Dating someone high maintenance

Your girlfriend is hot. And she knows it.

She primps and preens, demands ungodly amounts of attention AND expects you to be at her beck and call. An alarm should be going off by now: you're dating one high maintenance chick.

High maintenance women never seem to have problems getting dates. Their good looks and incessant demand for attention from guys lets them know that she's into them. However, these women can have trouble keeping men, once they find out how demanding she is.

I consider myself medium maintenance. I have high maintenance and low maintenance tendencies, so I probably fall just about in the middle of the spectrum. Of course, when I asked my guy, he said, "No comment." We all know what that means.

Perhaps the worst kind of high maintenance woman is the kind that thinks she's low maintenance. At the slightest suggestion that she's being too demanding, she pouts and exclaims, "I am NOT high maintenance!" These women can't control their demands because they don't even know they're making them. That's where the danger comes in.

Men can be high maintenance, too, although you hardly ever hear about it.
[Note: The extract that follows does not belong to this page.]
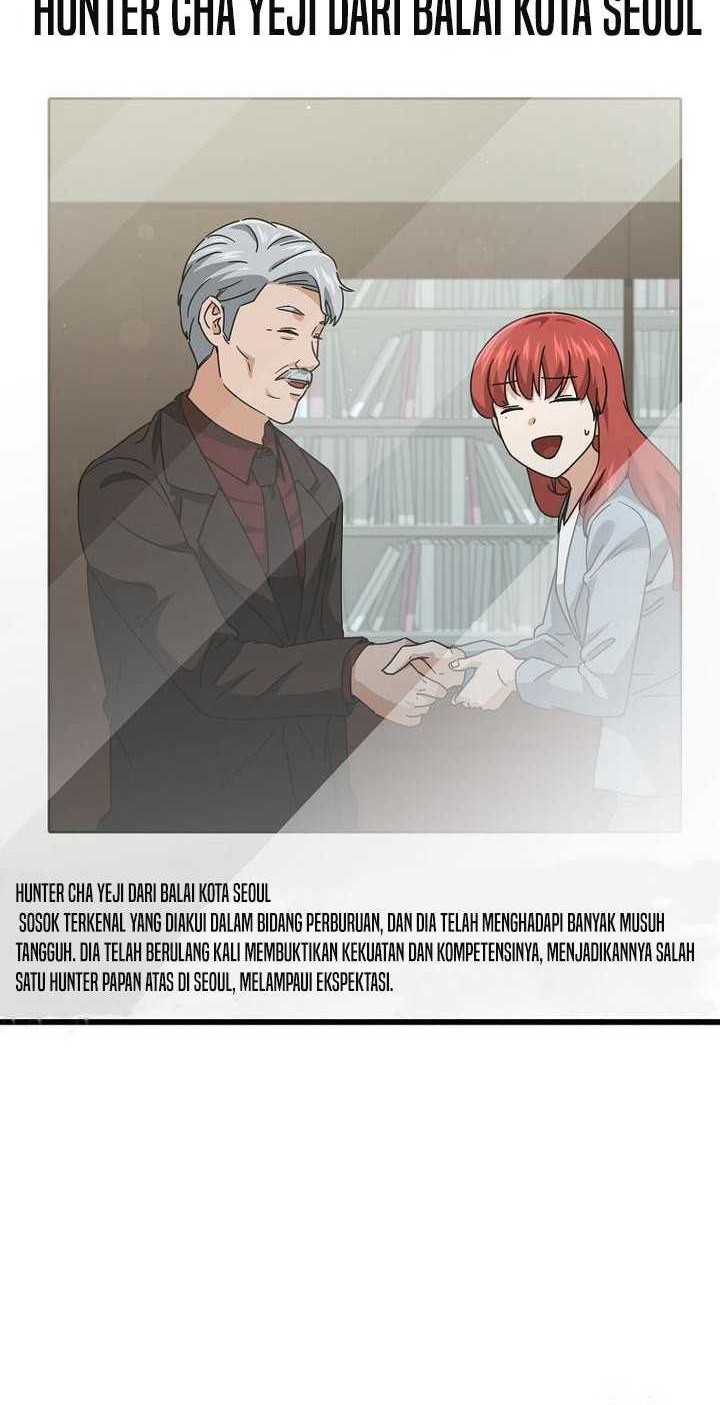 My Dad Is Too Strong Chapter 188 Gambar 9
You know, those pretty boys who spend more time in the gym than with you and then expect you to have dinner waiting when they get home.
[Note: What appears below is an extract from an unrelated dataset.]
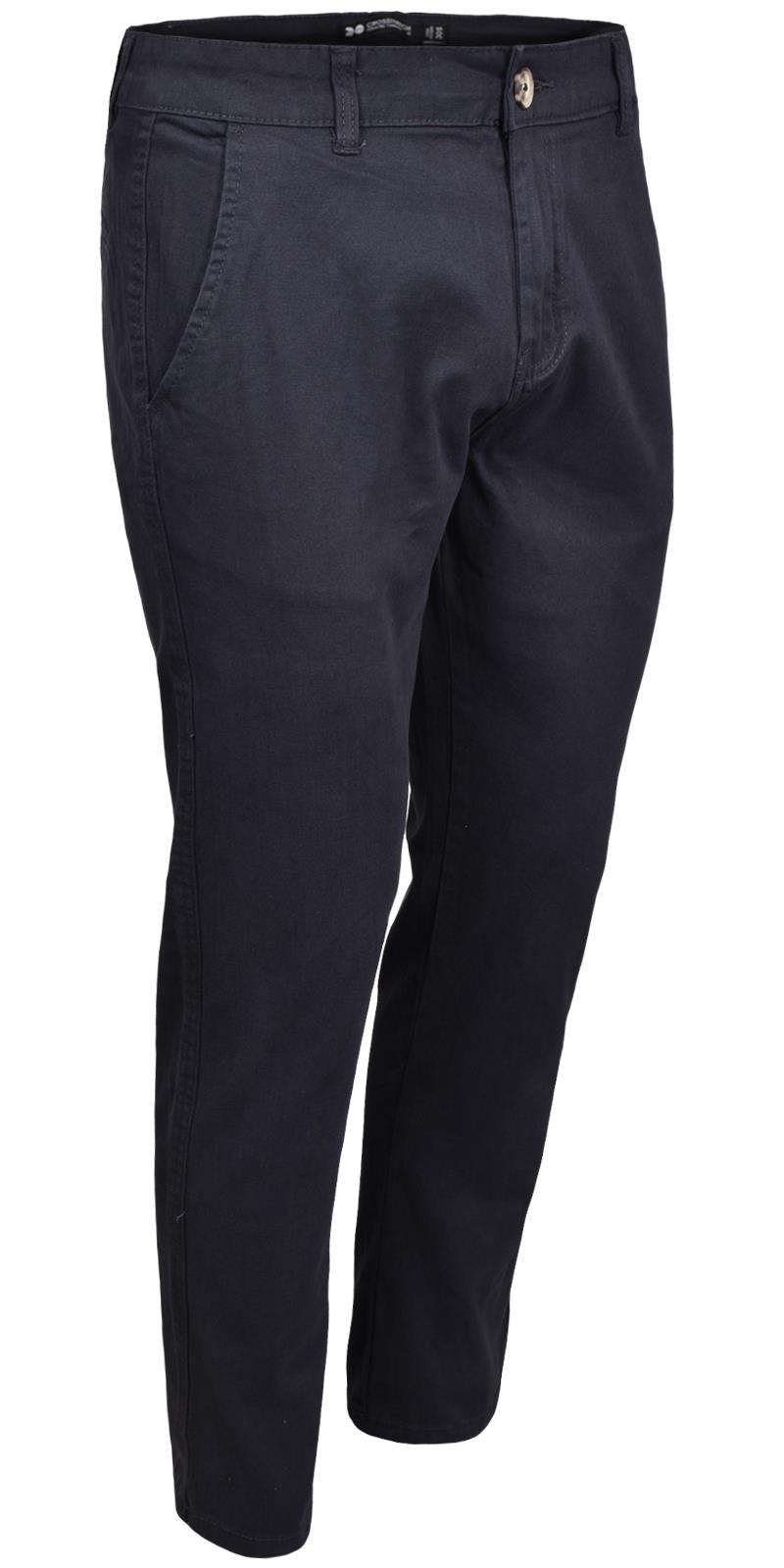 Pantalones de mezclilla CROSSHATCH para hombre elásticos chinos de diseñador informales de trabajo baratos - Imagen 46 de 74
So, if you're dating someone high maintenance, how do you deal with it? Or do you drop him or her at the slightest inkling of being high maintenance? Are you high maintenance?

4 Comments:

Anonymous Anonymous said...

This reminds me of the conversation in "When Harry Met Sally" when Harry explained to Sally that she was one of those that was high maintenance but thought she was not.

I know that I probably am, although I don't think it is all the time. There are certain situations where the BF has to work overboard, but in my mind, there are probably times when I have to work like that in regards to him....so it all evens out! : )

2:06 PM  
Anonymous Anonymous said...

Men want high-maintenance women. They want a woman who has to have them around for this or that. Otherwise, they don't feel needed. The simple need for companionship just is not enough.
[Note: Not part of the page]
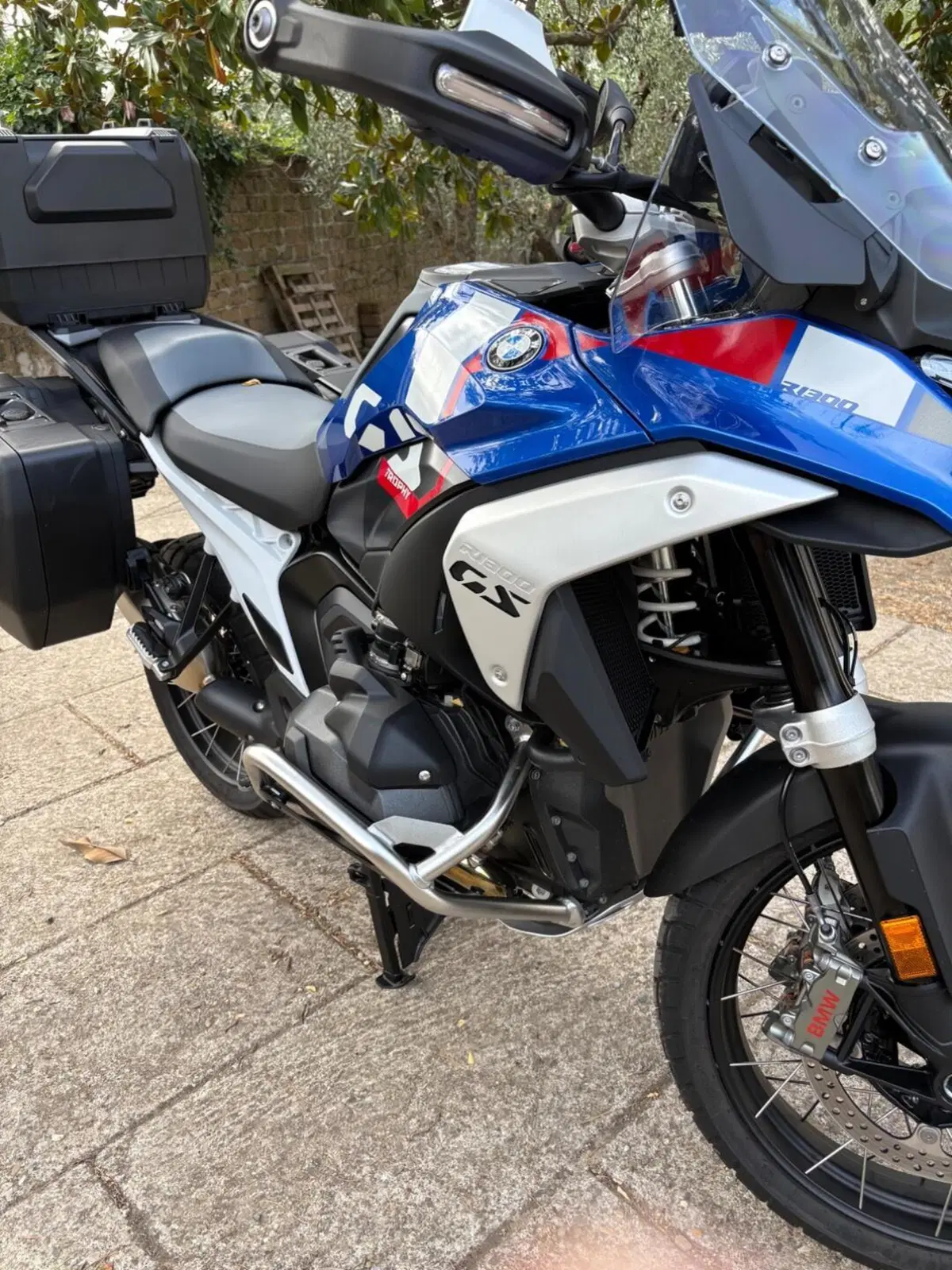 Bmw R 1300 GS Trophy (2023 - 26) (2)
They want damsels in distress to save. They want to be heroes to pretty girls.

Feel good about having a boyfriend remark about you being high maintenance. That means he is willing to do things for you --- sometimes begrudgingly. But, in the end, he still does them.

4:42 PM  
Anonymous Anonymous said...

A couple of guys have accused me of being "too low maintenance." I guess I'm not very good at making them feel needed or something.

I wish more guys realized that clinginess is not an incredibly attractive trait. I don't want to feel like someone else's entire self-esteem structure is based on me. I have a hard enough time with my own self-esteem. I don't need to struggle with someone else's.

7:47 AM  
Anonymous Anonymous said...

I'm married to a high-maintenance women. The comment that men want this is only partially true. While dating, it was nice to know she needed me; that I was the answer. For me, it was all part of the chase and conquest.

Now, high-maintenance takes on a whole new meaning. While I still enjoy doing things for her, it is not the same as before. And yes, she does "think" she is low-maintenance.

I guess what I'm trying to say from a guys perspective; high-maintenance is good in the youth of love; but needs to be toned way down as the relatinship evolves.